I stuck to my video tapes for far too long, annoyed by the skipping that early discs were always super-prone to, and slightly annoyed that I had to complete restart the film collection from scratch, even though the quality was obviously so much higher on disc, and the cases themselves took up so much less space, allowing me to cram several universes onto a single shelf.
Since then, I've amassed a few hundred discs, with the best taking pride of place on the bookshelf (just in case anybody else comes round to judge me by my tastes), and some unseemly piles of discs in the spare Room. All the favourite directors, a lot of grungy new movies, entire TV series of the best shows ever, entire videographies of the best bands in the world, days and days of things to watch, (and more all the time)

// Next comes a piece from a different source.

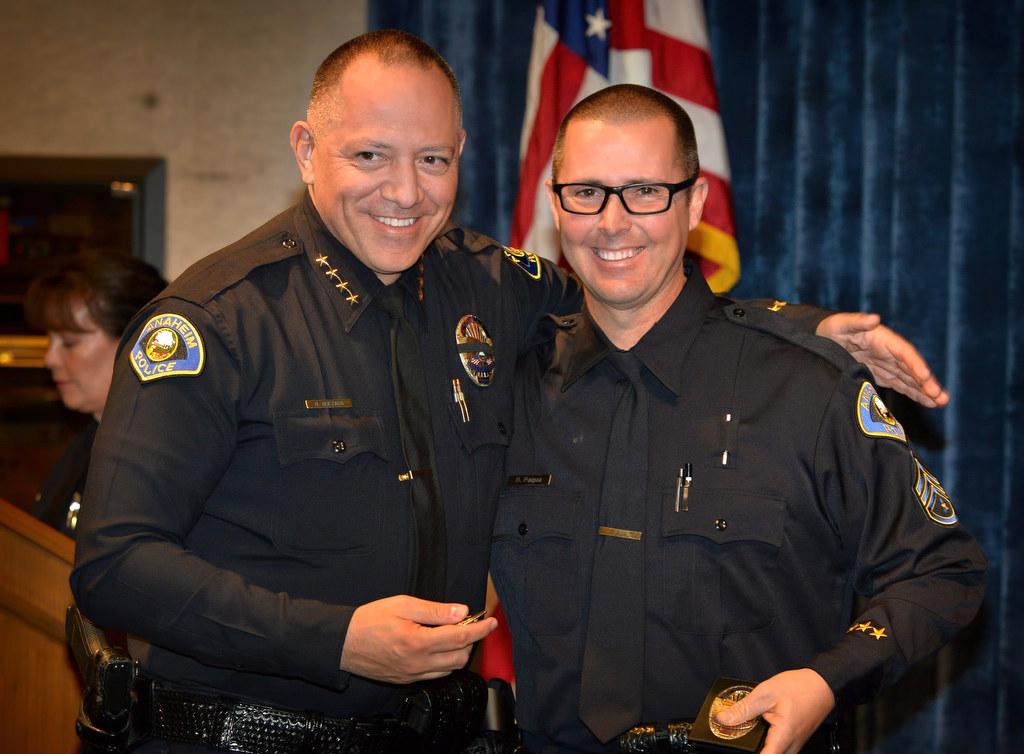 Anaheim Police Chief Raul Quezada, left, presents Brian Paqua with his new badge for his promotion to Sergeant during a ceremony. Photo by Steven Georges/Behind the Badge OC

I never made that next big step to blu-ray or any kind of high definition system. The leap in quality wasn't enough to justify starting the movie collection all over again, and the shorter, squatter packaging always felt strangely off. Standard def was always enough for me.
Things have obviously slowed down in recent years. Even though you can pick up the most magnificent movies for a couple of bucks, I'm buying less and less, although this is probably because I've got all the classic shit I need, and there are only half a dozen films every year that I feel the need to get a copy of.

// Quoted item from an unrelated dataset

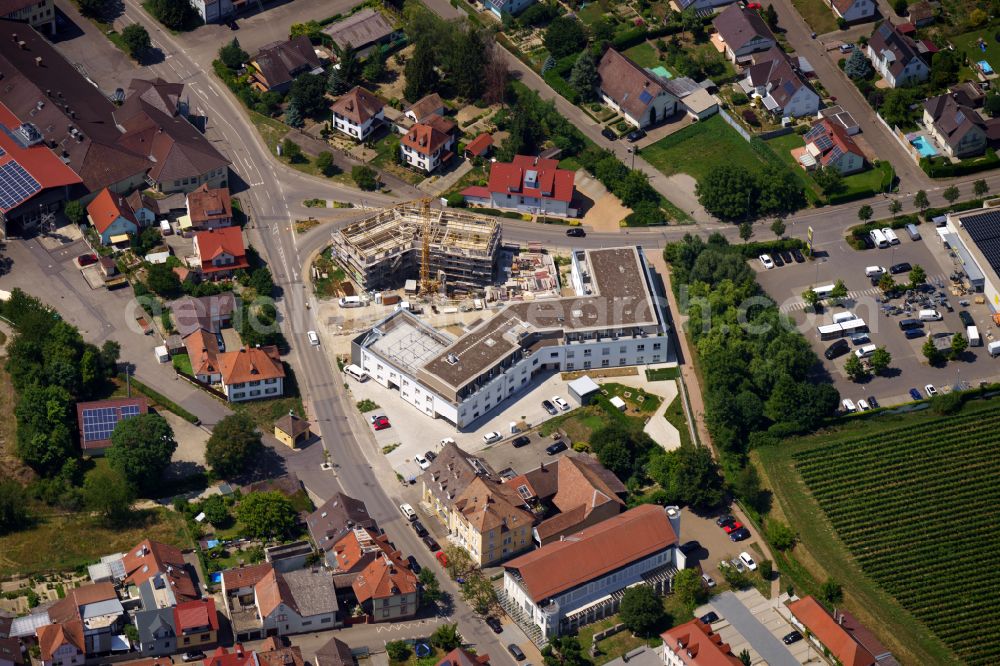 Aerial photograph Oberrotweil - Construction site for the multi-family residential building on street Bahnhofstrasse in Oberrotweil in the state Baden-Wuerttemberg, Germany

(Although, somehow, I still don't own a copy of the first Predator film, which I'm slightly baffled by, because it has been a source of ongoing shame for more than a decade now.)
All the DVD rental stores are gone now, with only the arthouse outlets with a dedicated clientele still hanging in there. But when I went to the last closing down sale, I only walked away with the relatively recent Good Time, because I had everything else I really needed. There really are limits, and this collection is near its limit.
While the pace has died down a lot, I'm still buying DVDs and I'm never going to give the ones I do have up until they literally fall apart on me. Some of them are starting to crap out, but they're easy to replace, or even copy across to new discs.
This weird little format, which will soon become nothing more than a footnote in the history of media consumption, still has a lot to offer. It has so much history, and so much reliability to give us, that's it's not so easy to give up.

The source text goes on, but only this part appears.